Torres Blancas, the building designed by Francisco Javier Sáenz de Oíza for the Huarte company, was built between 1964 and 1972. Its powerful sculptural form, the expressive use of bare concrete and its experimental nature make it an iconic example of Madrid’s architecture. Proposed as a vertical city with an organic emphasis, Torres Blancas is not the usual stack of flats, but a residential complex of independent housing units with garden terraces and the amenities of a small community. This building thus combines Le Corbusier’s unités d’habitation and Frank Lloyd Wright’s towers.

Introduction

Torres Blancas, the residential building built in Madrid by Francisco Javier Sáenz de Oíza (1918-2000) between 1964 and 1972 is one of the city’s main 20th century architectural milestones, partly due to its quality and its widespread dissemination, both in Spain and abroad.

Specialist architectural media recognized its extraordinary architecture during the process of construction, although there was also some degree of controversy because of its profound contradictions, its unsuitability for acting as a formal model, and its elitism, which did not take into account the social transformation of the city.
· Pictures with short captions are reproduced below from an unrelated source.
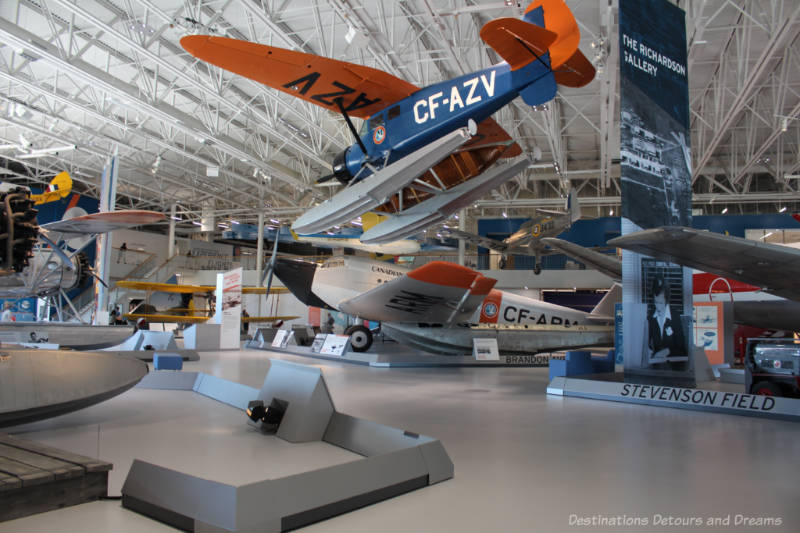 Heritage planes on display on the ground and suspended from the ceiling at the Royal Aviation Museum of Western Canada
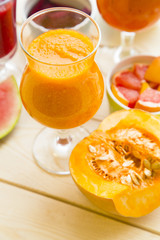 Healthy Food, Diet Concept. A glass of orange smoothie made of fruit and vegetables with a pice of pumpkin in a close up, light wooden background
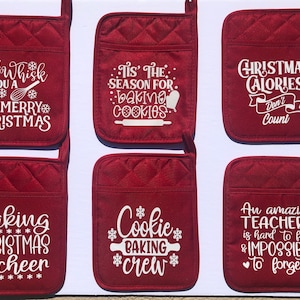 May include: Six burgundy oven mitts with white text. The mitts have various holiday-themed phrases, including "We Whisk You a Merry Christmas" and "Christmas Calories Don't Count." Each mitt has a quilted pattern.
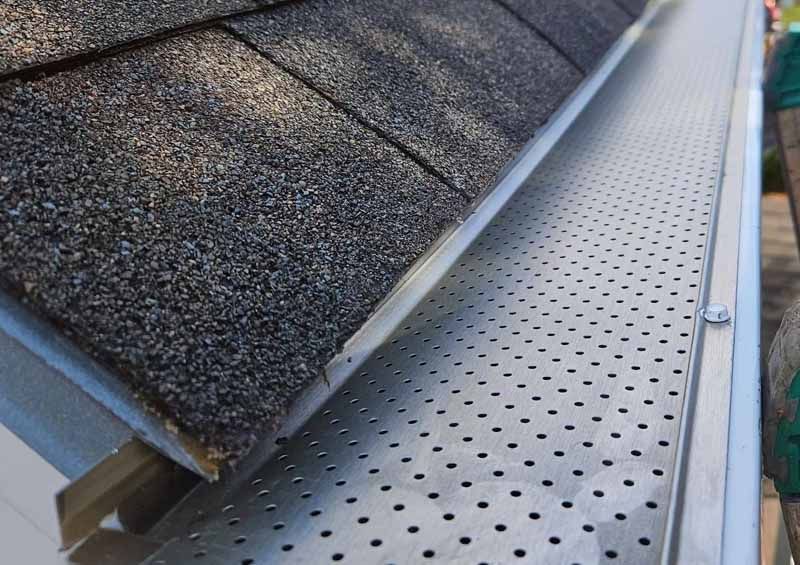Leaves and debris prevented from entering gutter by perforated guard system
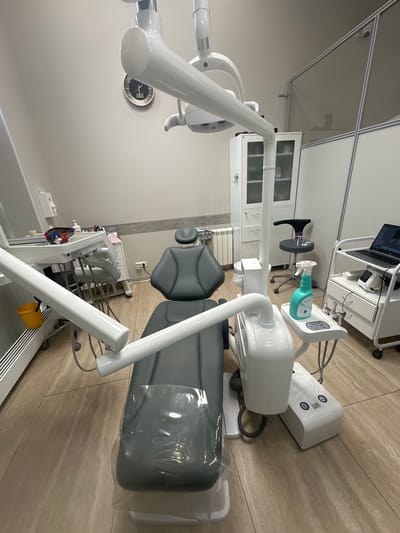 The image shows a dental examination room. The room is clean and modern. A dental chair is the main subject, covered in clear plastic. Behind it is a wall-mounted instrument and a cabinet of white drawers. To the left is the dentist's lamp and clock mounted to the wall. To the right, sits a small cart carrying a laptop, and a storage cart of dental tools sits behind the chair. The floor is covered in beige tiles. The location provided is Kraskovo, Russia. There are no people present.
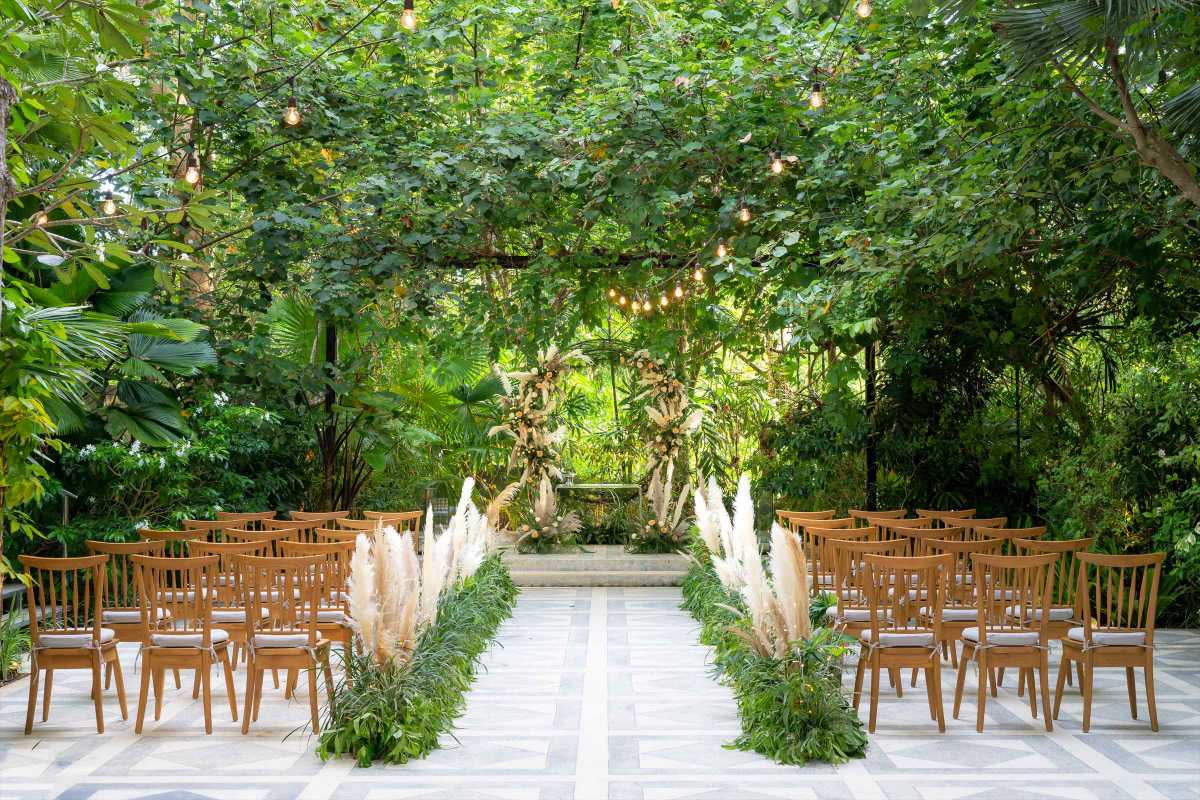 Ceremony setup surrounded by greenery at Tirtha Bali’s Moonlight Garden, a serene garden wedding venue.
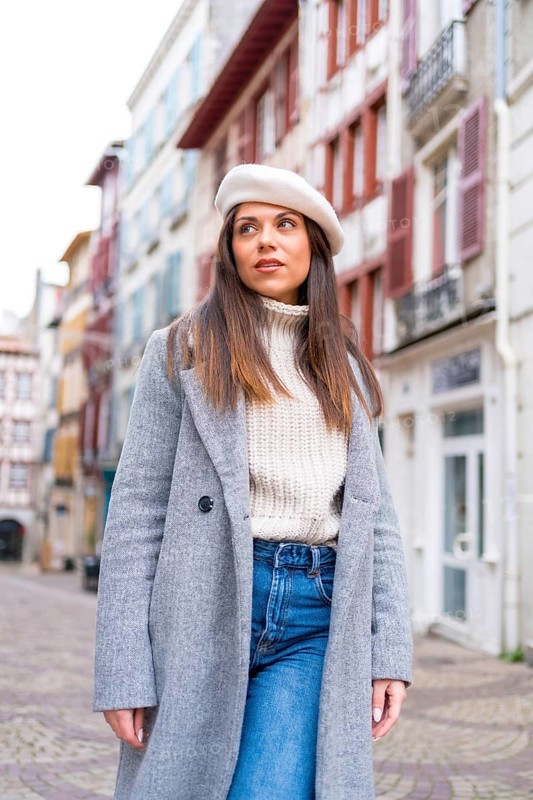 Vertical photo of a french style tourist standing in a street looking at views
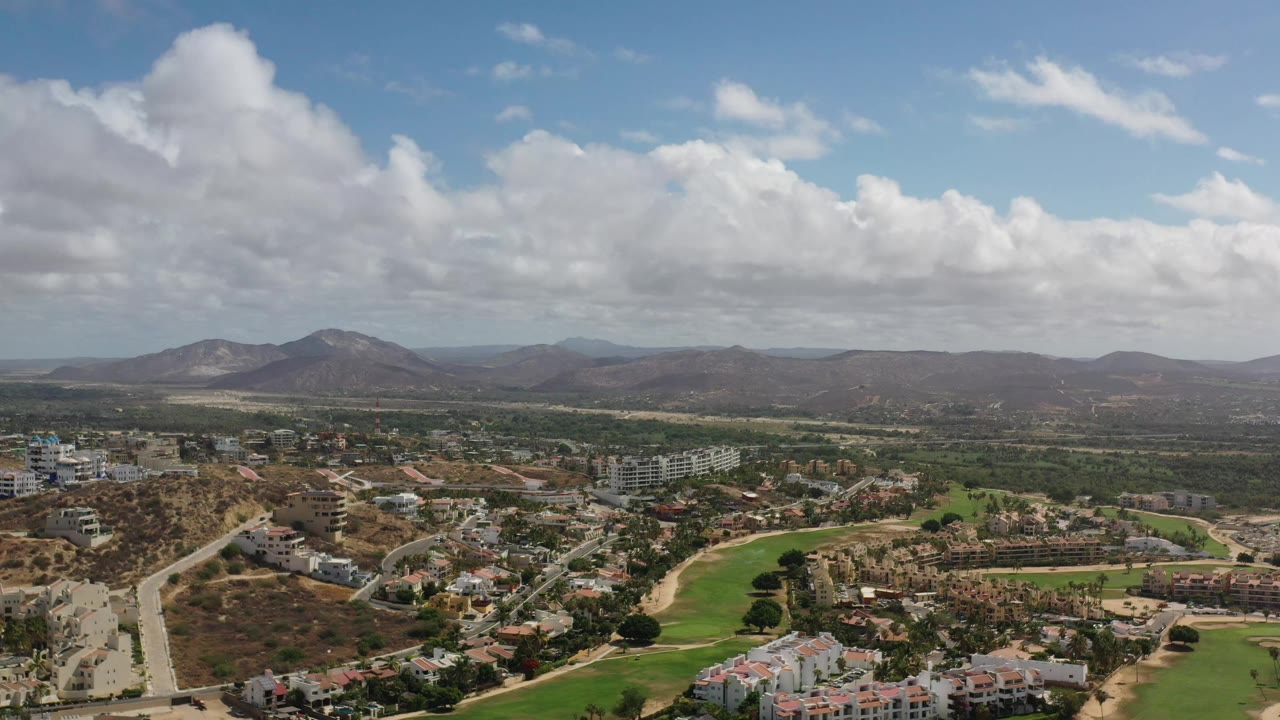 Los Cabos aerial frame with a central road descending through buildings, bright green fairway-like grass, brown hills, mountains on the horizon, and no visible people.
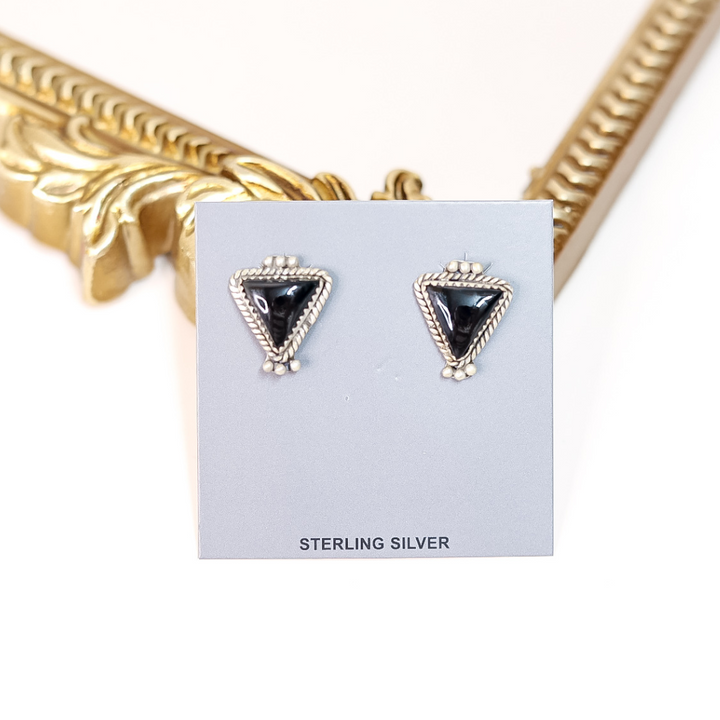 Triangle-shaped earrings on a card with 'Sterling Silver' text, gold mirror in background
For Spanish society, accustomed to the unstoppable and run-of-the-mill mass con struction in the outskirts of Madrid, the unusual and original form of Torres Blancas was a wake-up call and a salutary lesson, although the use of bare concrete in a luxury residential building was rejected.

The beginnings of the work: the protagonists

The unique nature of Torres Blancas has often been pointed out as the result of the combined effort and understanding of the classic triangle of developer, builder in this case the same person, the Navarran entrepreneur Juan Huarte (1925-2018) and architect, Francisco Javier Sáenz de Oíza.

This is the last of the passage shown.